§ **Task**: Return the entries in their entirety, precisely as given.

BEGIN Input records

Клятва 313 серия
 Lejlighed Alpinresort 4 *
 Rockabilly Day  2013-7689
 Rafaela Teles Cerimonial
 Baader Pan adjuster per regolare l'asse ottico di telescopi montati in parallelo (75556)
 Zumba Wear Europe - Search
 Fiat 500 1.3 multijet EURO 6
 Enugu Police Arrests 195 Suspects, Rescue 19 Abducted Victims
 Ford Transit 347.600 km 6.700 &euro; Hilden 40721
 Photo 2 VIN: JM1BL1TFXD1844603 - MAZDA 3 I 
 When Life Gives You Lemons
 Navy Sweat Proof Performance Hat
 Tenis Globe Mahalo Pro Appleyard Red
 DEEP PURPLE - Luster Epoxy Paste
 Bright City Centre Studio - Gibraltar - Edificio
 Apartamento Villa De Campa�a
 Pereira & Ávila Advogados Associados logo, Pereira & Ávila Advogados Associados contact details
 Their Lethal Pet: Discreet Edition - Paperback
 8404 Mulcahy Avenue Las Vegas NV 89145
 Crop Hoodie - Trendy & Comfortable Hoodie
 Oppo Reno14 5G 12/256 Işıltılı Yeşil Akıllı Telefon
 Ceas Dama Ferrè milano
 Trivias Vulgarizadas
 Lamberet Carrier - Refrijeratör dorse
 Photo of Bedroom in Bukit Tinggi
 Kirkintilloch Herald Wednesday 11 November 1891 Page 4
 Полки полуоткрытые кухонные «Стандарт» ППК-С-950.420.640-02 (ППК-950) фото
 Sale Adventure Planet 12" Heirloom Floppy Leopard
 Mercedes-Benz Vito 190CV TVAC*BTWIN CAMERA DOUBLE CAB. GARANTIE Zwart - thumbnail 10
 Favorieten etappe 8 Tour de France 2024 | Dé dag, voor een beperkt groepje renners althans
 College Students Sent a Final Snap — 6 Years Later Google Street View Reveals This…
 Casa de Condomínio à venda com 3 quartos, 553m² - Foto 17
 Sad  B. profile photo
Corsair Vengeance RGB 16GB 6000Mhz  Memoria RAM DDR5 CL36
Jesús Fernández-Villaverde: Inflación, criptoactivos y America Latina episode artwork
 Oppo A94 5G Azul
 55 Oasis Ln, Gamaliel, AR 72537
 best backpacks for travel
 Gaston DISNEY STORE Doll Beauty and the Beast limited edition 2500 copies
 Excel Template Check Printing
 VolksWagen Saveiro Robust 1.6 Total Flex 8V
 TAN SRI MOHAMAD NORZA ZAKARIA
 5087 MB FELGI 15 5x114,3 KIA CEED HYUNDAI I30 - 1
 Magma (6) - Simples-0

END Input records

§ **Reply to the task**:
Клятва 313 серия
 Lejlighed Alpinresort 4 *
 Rockabilly Day  2013-7689
 Rafaela Teles Cerimonial
 Baader Pan adjuster per regolare l'asse ottico di telescopi montati in parallelo (75556)
 Zumba Wear Europe - Search
 Fiat 500 1.3 multijet EURO 6
 Enugu Police Arrests 195 Suspects, Rescue 19 Abducted Victims
 Ford Transit 347.600 km 6.700 &euro; Hilden 40721
 Photo 2 VIN: JM1BL1TFXD1844603 - MAZDA 3 I 
 When Life Gives You Lemons
 Navy Sweat Proof Performance Hat
 Tenis Globe Mahalo Pro Appleyard Red
 DEEP PURPLE - Luster Epoxy Paste
 Bright City Centre Studio - Gibraltar - Edificio
 Apartamento Villa De Campa�a
 Pereira & Ávila Advogados Associados logo, Pereira & Ávila Advogados Associados contact details
 Their Lethal Pet: Discreet Edition - Paperback
 8404 Mulcahy Avenue Las Vegas NV 89145
 Crop Hoodie - Trendy & Comfortable Hoodie
 Oppo Reno14 5G 12/256 Işıltılı Yeşil Akıllı Telefon
 Ceas Dama Ferrè milano
 Trivias Vulgarizadas
 Lamberet Carrier - Refrijeratör dorse
 Photo of Bedroom in Bukit Tinggi
 Kirkintilloch Herald Wednesday 11 November 1891 Page 4
 Полки полуоткрытые кухонные «Стандарт» ППК-С-950.420.640-02 (ППК-950) фото
 Sale Adventure Planet 12" Heirloom Floppy Leopard
 Mercedes-Benz Vito 190CV TVAC*BTWIN CAMERA DOUBLE CAB. GARANTIE Zwart - thumbnail 10
 Favorieten etappe 8 Tour de France 2024 | Dé dag, voor een beperkt groepje renners althans
 College Students Sent a Final Snap — 6 Years Later Google Street View Reveals This…
 Casa de Condomínio à venda com 3 quartos, 553m² - Foto 17
 Sad  B. profile photo
Corsair Vengeance RGB 16GB 6000Mhz  Memoria RAM DDR5 CL36
Jesús Fernández-Villaverde: Inflación, criptoactivos y America Latina episode artwork
 Oppo A94 5G Azul
 55 Oasis Ln, Gamaliel, AR 72537
 best backpacks for travel
 Gaston DISNEY STORE Doll Beauty and the Beast limited edition 2500 copies
 Excel Template Check Printing
 VolksWagen Saveiro Robust 1.6 Total Flex 8V
 TAN SRI MOHAMAD NORZA ZAKARIA
 5087 MB FELGI 15 5x114,3 KIA CEED HYUNDAI I30 - 1
 Magma (6) - Simples-0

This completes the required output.